After working the horse enough to make sure I have their brain, I will run an extra length of longe line from a baling twine cheater around a surcingle D to under their tail and back to the surcingle on the other side (again with a cheater of baling twine attached to the D). It's not real tight, but not flapping either. We then get back to work.

Some horses just clamp their tails and look perplexed, then eventually relax. Others do try to remove the offending line with some bucking.. as long as they are not out of control, I always just ignored the bucking and asked them to work. We go until they relax, then done for the day.

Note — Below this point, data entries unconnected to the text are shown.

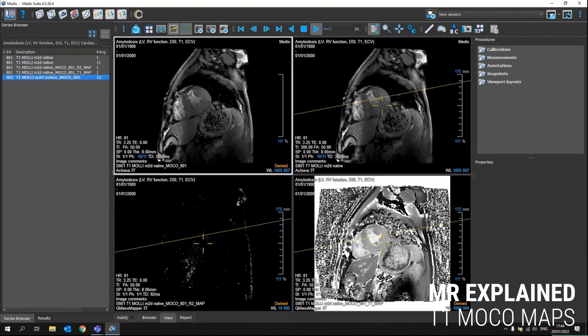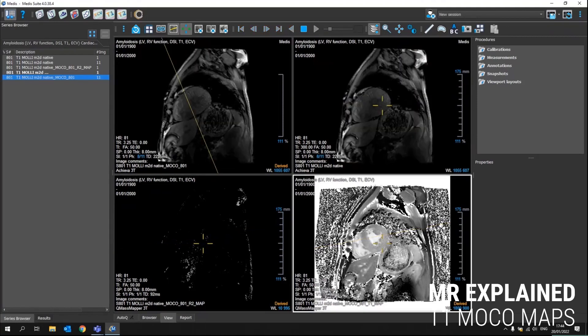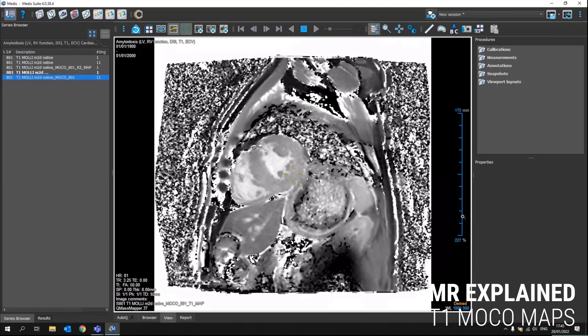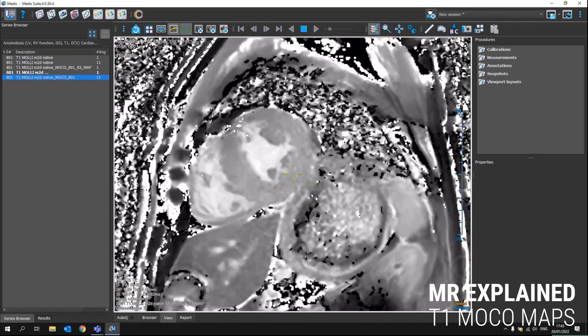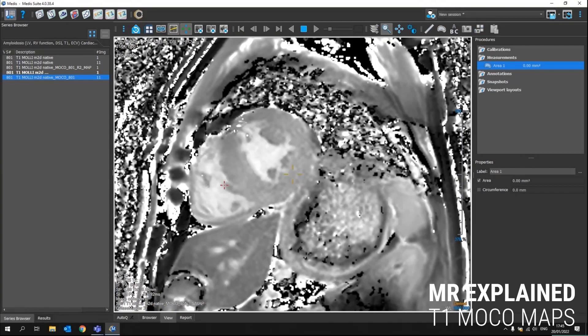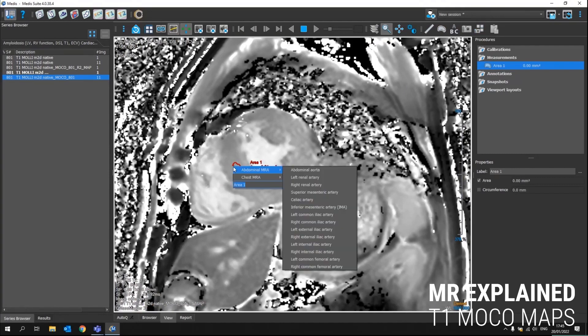Now in this T1 map, when we double click, we get a larger view. We can also even zoom in more. Since these pixels all have a T1 value, if we make an area measurement in here or select the area measurement, let's call it just area one.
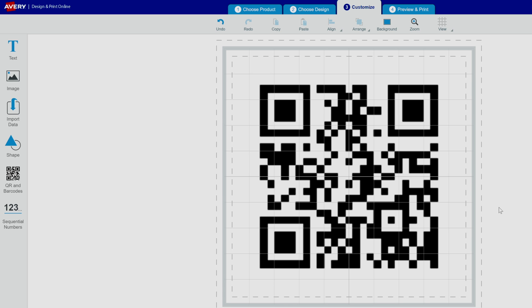Those are the basics of working with QR and barcodes. Try using this feature yourself with Avery Design & Print Online at avery.com/print.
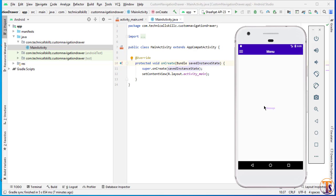Hello and welcome to Technical Skills YouTube channel. This is Shifakathali with another video of Android Development. Today in this video we will learn how we can create the custom navigation drawer in our application.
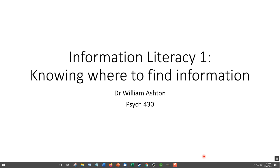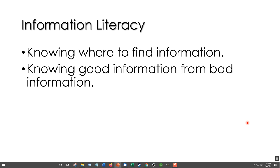Information literacy number one: knowing where to find the information. Information literacy involves two things — knowing where to find information and knowing good information from bad. In this first video lecture, we're going to look at this first step, which is knowing where to find information.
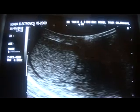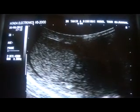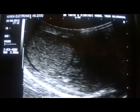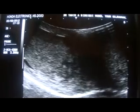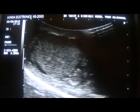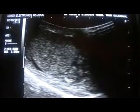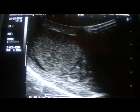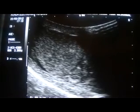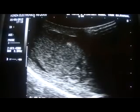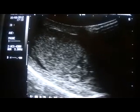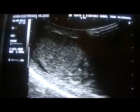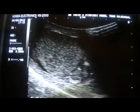This is the transverse section of the right testis with the mediastinum testis seen as normal. The encircled area here is the epididymis, and the second encircled area is the right testis. There is a small amount of fluid posterior to the right testis. The epididymis and testis appear normal.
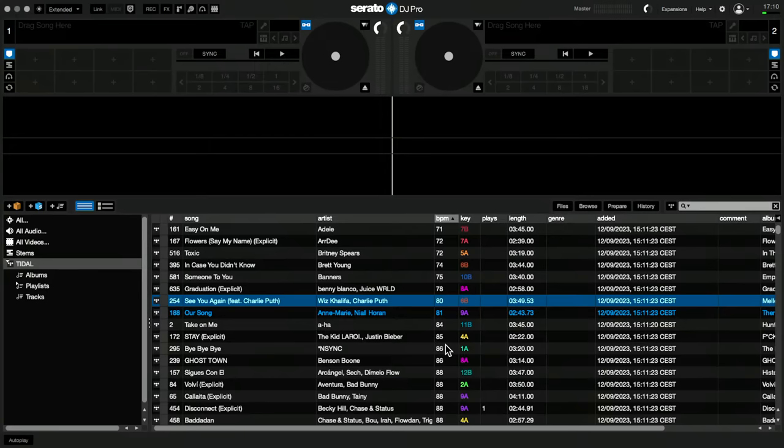I'm going to show you two ways of using essentially the same technique: taking your Spotify playlist and putting it into something you can use in Serato. Serato, Rekordbox, Virtual DJ, and other software tend to support four streaming services: Tidal, SoundCloud, Beatport, and Beatsource. I'm going to demonstrate with Tidal because Tidal's catalogue overlaps the most with Spotify, so you're most likely to find the same tracks.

Once they are going with the line like its no big deal (could take one or many sessions), I will switch to the real crupper. Some horses don't care, others take offense to the stiffer material and need to be schooled thru it. Next step would be to longe on some terrain (like a field with a hill) if the horse was unhappy with the process or just hop on and hit the trails if they weren't.


----------



## Horsesaplenty

jillybean19 said:


> Yeah, usually it's used because the saddle slips forward. However, I think the reason so many endurance riders use them is because a lot of them use treeless saddles, which tend to move around a lot more. That would be a good reason to use a crupper as well. A (non-endurance) friend of mine ALWAYS rides with a crupper and breast plate because, with both of those and horses with good withers, she doesn't have to have the girth as tight. She frequently describes to me how she used to ride and be able to stick her whole arm through the cinch, but that saddle didn't move since the breast collar, the crupper, and withers kept it in place instead. She liked that because she felt the horses had a lot more room to breath.
> 
> I was never there and so that is just her account and opinion, but if it did work so well, I've often wondered if something like that would be an advantage in endurance?


I often ride quite loose and one horse of mine wears crupper and breast plate, the other two just wears the breast plate and I have no idea yet with my new arabian as I don't think any of my gear will fit him!


----------